Non, je veux défendre l’intégrité de mon jeu, notamment quand les gens disent : «Poutine joue aux échecs et Obama joue aux dames».

Poutine, comme tout dictateur, déteste les échecs parce que les échecs sont un jeu stratégique 100% transparent : je sais de quelles ressources je dispose et quelles ressources peuvent être mobilisées par mon adversaire. Je ne sais évidemment pas ce que mon adversaire pense sur le plan stratégique et tactique, mais au moins je sais quelles ressources à sa disposition peuvent me mettre à mal.

Les dictateurs n’aiment pas la transparence et Poutine est bien plus à son aise pour jouer un jeu que je voudrais plutôt décrire comme un poker géopolitique.

Au poker, on peut gagner avec une main très faible à condition d’avoir assez de liquide pour augmenter la mise et, si on a les nerfs solides, pour bluffer. Poutine n’a jamais cessé de bluffer. Il voyait ses adversaires géopolitiques se coucher les uns après les autres.

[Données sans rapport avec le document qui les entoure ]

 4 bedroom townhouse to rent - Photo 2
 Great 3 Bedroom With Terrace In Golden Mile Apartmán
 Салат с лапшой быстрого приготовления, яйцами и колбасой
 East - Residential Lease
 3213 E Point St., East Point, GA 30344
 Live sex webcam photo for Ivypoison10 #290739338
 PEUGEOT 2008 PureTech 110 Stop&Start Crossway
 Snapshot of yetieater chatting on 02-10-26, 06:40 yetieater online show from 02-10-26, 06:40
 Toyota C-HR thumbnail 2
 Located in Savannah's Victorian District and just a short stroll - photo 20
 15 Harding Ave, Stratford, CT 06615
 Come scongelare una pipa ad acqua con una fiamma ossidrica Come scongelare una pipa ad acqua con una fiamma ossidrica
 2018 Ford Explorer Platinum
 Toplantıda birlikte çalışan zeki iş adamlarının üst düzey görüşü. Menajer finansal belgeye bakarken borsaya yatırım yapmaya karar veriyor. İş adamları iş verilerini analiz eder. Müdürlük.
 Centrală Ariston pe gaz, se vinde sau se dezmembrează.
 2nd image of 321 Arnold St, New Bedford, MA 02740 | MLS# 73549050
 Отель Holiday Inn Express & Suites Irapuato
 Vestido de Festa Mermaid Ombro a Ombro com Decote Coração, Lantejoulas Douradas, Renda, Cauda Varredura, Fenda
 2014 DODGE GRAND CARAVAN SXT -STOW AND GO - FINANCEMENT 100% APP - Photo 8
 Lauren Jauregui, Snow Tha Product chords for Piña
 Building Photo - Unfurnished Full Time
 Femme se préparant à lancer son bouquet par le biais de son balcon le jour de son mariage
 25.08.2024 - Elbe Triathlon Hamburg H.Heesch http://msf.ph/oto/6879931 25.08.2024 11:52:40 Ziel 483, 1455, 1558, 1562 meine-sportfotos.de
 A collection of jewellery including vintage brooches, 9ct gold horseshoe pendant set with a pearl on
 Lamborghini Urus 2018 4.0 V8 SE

À mes yeux, le moment où Poutine a décidé qu’il pourrait faire tout ce qu’il voulait a été celui de la décision d’Obama de ne pas mettre ses menaces à exécution lorsque la ligne rouge qu’il avait établie a été franchie en Syrie.

Il y aurait dû y avoir une ligne rouge contre toute ingérence dans une élection américaine. Pourquoi l’administration Obama n’en a-t-elle pas fixé une ? Pourquoi n’a-t-elle pas réagi et porté cela à la connaissance du public avant l’élection lorsqu’elle a appris ce que nous savons tous aujourd’hui ? Pourquoi n’a-t-elle pas répliqué d’une façon ou d’une autre ?

Je pense encore une fois qu’il faut reconnaître à Poutine sa capacité à évaluer la psychologie de son adversaire. Il a joué brillamment avec l’administration Obama comme il avait joué avec l’administration Bush en charmant George W. lors de leur première rencontre. On se souvient que ce dernier avait affirmé avoir pu planter ses yeux dans l’âme de Poutine… Poutine avait su s’assurer de la coopération du président Bush et il a su, dès 2014 ou 2015, qu’Obama ferait absolument tout pour éviter un conflit ouvert sérieux avec la Russie avant la fin de son mandat.

Poutine n’avait pas une bonne main parce qu’une réplique américaine aurait été un désastre pour la Russie mais il a parié sur l’inaction d’Obama, qui espérait voir Hillary gagner quand même. Poutine a pensé qu’il pourrait non seulement gagner cette bataille, non seulement obtenir le résultat qui l’arrangeait, mais également envoyer un message.

Le rôle joué par Poutine dans l’élection américaine n’est pas seulement un fait qui concerne la politique intérieure américaine : cela a montré à tout le monde, des alliés des Etats-Unis au sein de l’Otan jusqu’aux monarchies arabes du Golfe en passant par les Chinois, les Japonais, les nations africaines et l’Amérique du sud que Poutine est si puissant, si arrogant et sûr de sa force qu’il peut intervenir dans le processus politique américain et que les Etats-Unis ne peuvent pas s’y opposer.

[…]

Poutine n’a pas seulement fait pirater des institutions politiques américaines : il l’a également fait en Europe, et si on refusait de croire les rapports de la CIA, il faudrait aussi refuser de croire les rapports de nombreux services de renseignement en Europe, où des attaques similaires ont été observées.